TIDMRUBI
RNS Number : 5661B
Rubicon Software Group PLC
22 February 2011
Rubicon Software Group plc
INTERIM RESULTS FOR THE SIX MONTHS ENDED 31 DECEMBER 2010
Rubicon Software Group plc ("Rubicon" or "the Group"; AIM: RUBI)
announces its unaudited results for the six months ended 31
December 2010.
Highlights:
-- Significant contract with new customer during the period,
outside the Financial Services sector
-- Revenues of GBP258,000 (2009 underlying*: GBP308,000)
-- Significant reduction in ongoing cost base
-- Underlying loss** for the period reduced to GBP69,000 (2009:
GBP91,000)
*Underlying revenue for the comparative period is adjusted to
take account of the effect of the one-off perpetual licence
recognised in the prior year, as explained in the June 2010
financial statements.
**Underlying loss is adjusted for the above and for
non-recurring costs.
Commenting on these results Chairman, Rob Burnham, said:
"The last 6 months have been a continuation of major transition
for the Group in realigning the cost base and diversifying its
market focus."
Notes to Editors
About Rubicon Software
Based near Woking in Surrey, Rubicon is a provider of smart
customer relationship management and collaboration IT solutions.
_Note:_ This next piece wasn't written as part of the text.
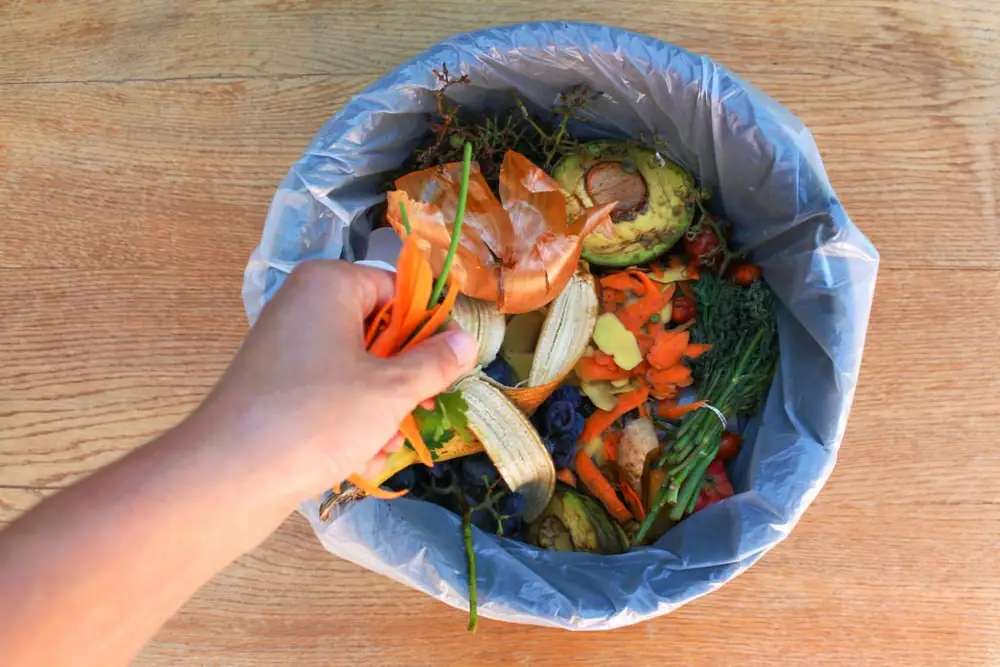 El desperdicio de alimentos es un problema global. Aquí te mostramos cómo dos startups de Singapur están trabajando para combatirlo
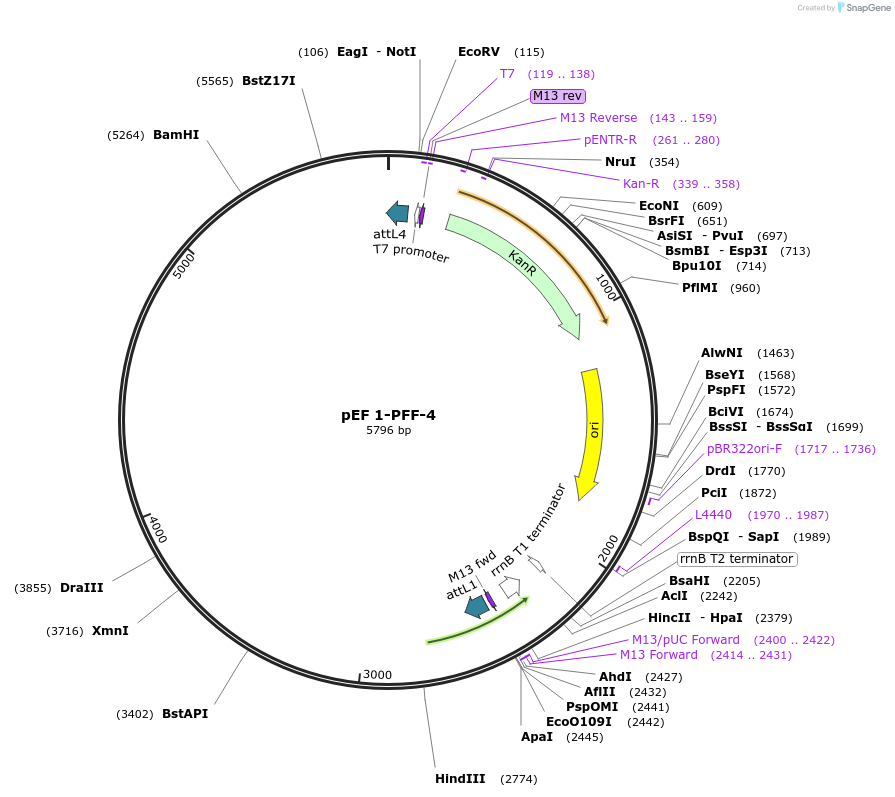 20085-plasmid-map-sequence-id-9457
Its core technology is designed to enhance the effectiveness and
efficiency of customer service, fulfilment and product selection,
whilst facilitating business process and change management. Current
clients include First Response Finance Limited, Market Harborough
Building Society Limited, Norton Finance (UK) Limited, Segen
Limited and Videocall Limited.
For further information, please contact:
Rubicon Software Group plc 01276 706900
Alistair Hancock, Chief Executive Officer
W.H. Ireland 0117 945 3470
John Wakefield/Marc Davies
CHAIRMAN'S STATEMENT
Business review
The last 6 months have been a continuation of transition for the
Group in diversifying its market focus and realigning the cost
base.
I am delighted to announce that we have contracted with a
significant new customer, outside of the financial services sector
from whom we expect to generate significant revenues over the
medium term.
I am also pleased to confirm that the restructuring plan
announced in my last statement has now been completed. The cost
base of the Group has been reduced significantly going forward
including reduction in headcount, particularly in administrative
and corporate functions. Most significantly, we have reached an
agreement to lease a smaller property, adjacent to our previous
location; this property is much more suitable for the scale and
nature of the business and reduces our on-going property costs
significantly. As part of the negotiations we have agreed to pay an
amount of GBP125,000 to release the Group from obligations under
the previous lease. This results in a one-off cost to the Group
which has been recognised in full in these interim financial
statements, but over the medium term results in much lower overall
property costs.
Financial review
Reported revenues for the period are GBP258,000 which represents
a reduction of GBP80,000 compared to the same period last year, and
a GBP50,000 reduction after adjusting for the effect of the one-off
perpetual licence recognised in the prior year, as explained in the
June 2010 financial statements.
The operating loss for the period amounts to GBP180,000 (2009:
GBP61,000) but this includes a one-off cost of GBP110,000 in
respect of the property move as explained above. After adjusting
for the above effects, underlying losses are down to GBP69,000 from
GBP91,000 in the six months to 31 December 2009.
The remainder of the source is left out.